Le premier morceau; "Maybe the People Would Be the Times or Between Clark and Hilldale" est un hymne de cette période. Selon moi une des chansons majeures de cette époque bénie, de la baie de San Francisco et de son voisin L.A., de la Californie et de tous ces groupes qui y venaient. De Boston à Détroit en passant par Washington ou encore Chicago, beaucoup sont ceux qui ont posé leurs fesses à l'extrême ouest du pays pour monter des groupes. C'est là qu'il fallait être et pas ailleurs. Love a connu ce "glissement" géographique en 1965. Arthur Lee et Johnny Echols étaient de Memphis, Ken Forssi de Cleveland. Seuls Bryan MacLean et Michael Stuart étaient de Los Angeles. "Live and Let Live" qui prend le relai de Maybe... reste sur la même lignée mélodique. Sur fond de guitare acoustique, la chanson nous entraîne encore une fois sur les routes fleuries où seul Love sait aller, et nous conduire surtout. Quant à "Bummer in the Summer", elle peut être considérée - à l'instar de "Subterranean Homesick Blues" de Bob Dylan en 1965 - comme une des toutes premières moutures de ce qu'on appelle communément de nos jours le rap. Écoutez donc cette chanson. Arthur Lee chante façon rap, c'est en décalage avec le reste de l'album. C'est surprenant autant que c'est bon.

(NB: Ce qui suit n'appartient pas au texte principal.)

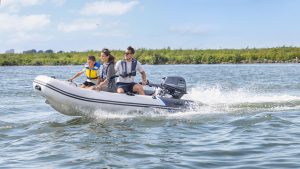 YAM 350 TAF nafukovací čln s pevnou hliníkovou podlahou (ALU RIB) – Obrázok 15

Enfin, "You Set the Scene"clôt l'album aussi magnifiquement que Alone Again Or l'avait commencé. Une guitare acoustique en mode arpégial tisse la toile de fond, accompagnée par les cuivres de l'orchestre philharmonique de Los Angeles, lequel a été convié pour l'occasion. Les arrangements qui s'en suivirent furent effectués par Arthur Lee lui-même.
Ainsi tout au long de l'album, l'on a affaire à toute une ribambelle d'instruments qui viennent s'entrelacer les uns aux autres pour ne former qu'un seul et même corps; celui de FOREVER CHANGES.
Avec ce troisième opus de Love c'est à la vie à l'amour...forever.